:: DATASET SECTION ::
>>>

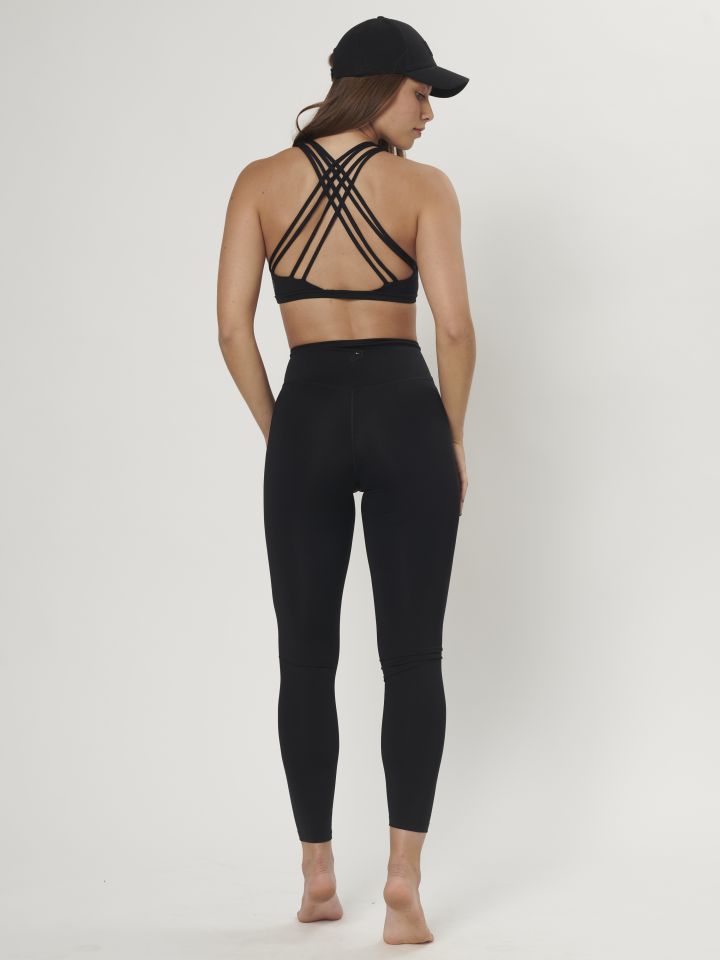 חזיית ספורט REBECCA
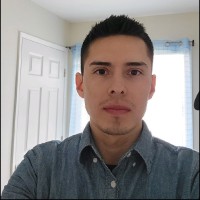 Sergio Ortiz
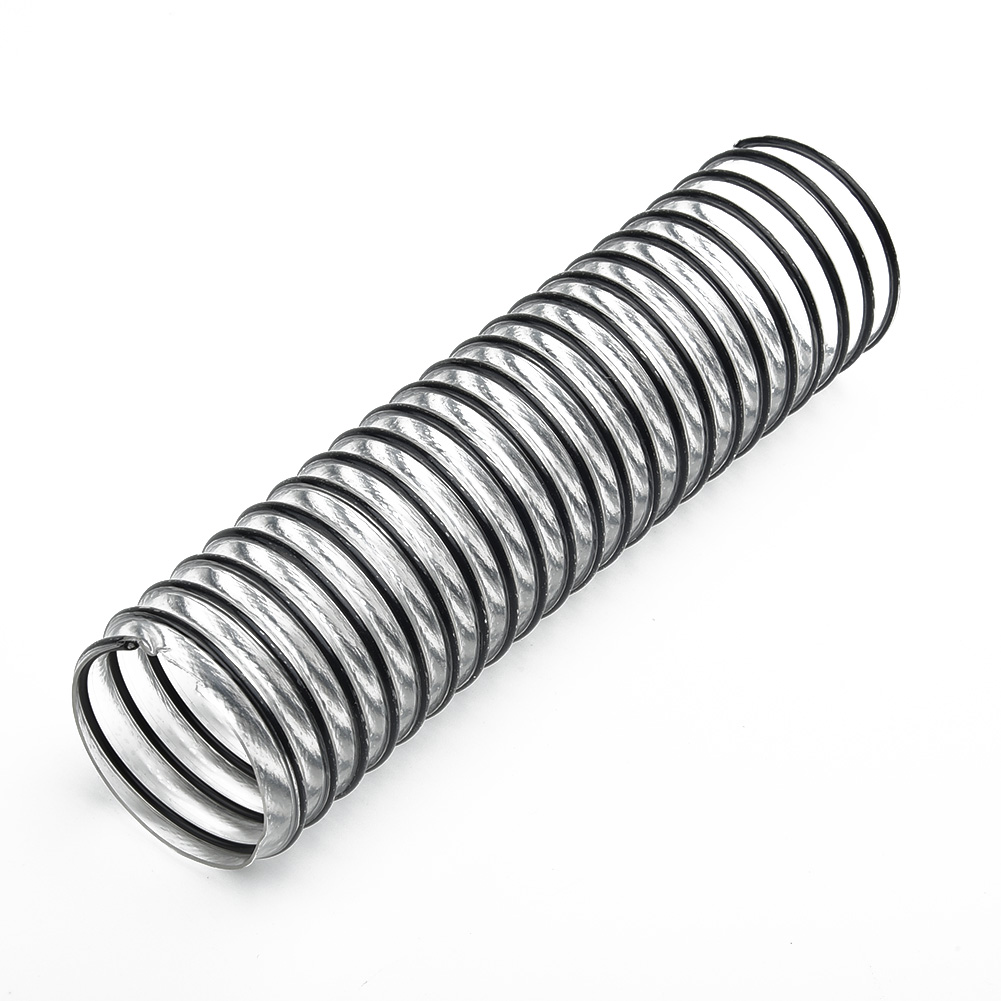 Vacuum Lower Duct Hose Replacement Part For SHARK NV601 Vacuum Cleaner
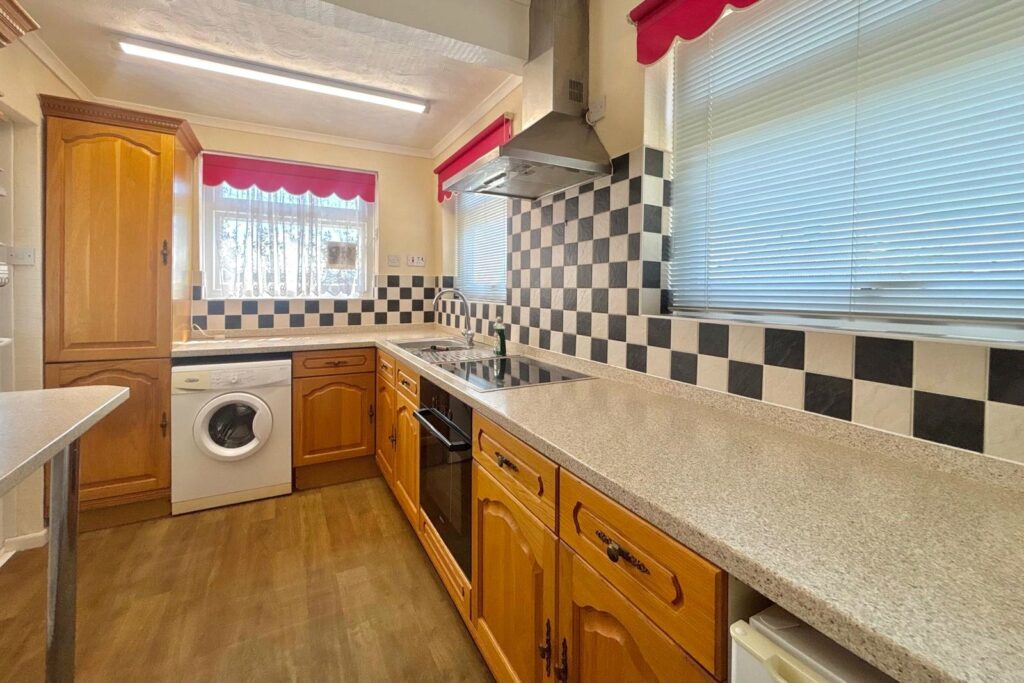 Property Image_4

<<<

:: BRIEF ::
Return each of the lines exactly as they appear above, with no images.

:: RESPONSE AREA ::
 חזיית ספורט REBECCA
 Sergio Ortiz
 Vacuum Lower Duct Hose Replacement Part For SHARK NV601 Vacuum Cleaner
 Property Image_4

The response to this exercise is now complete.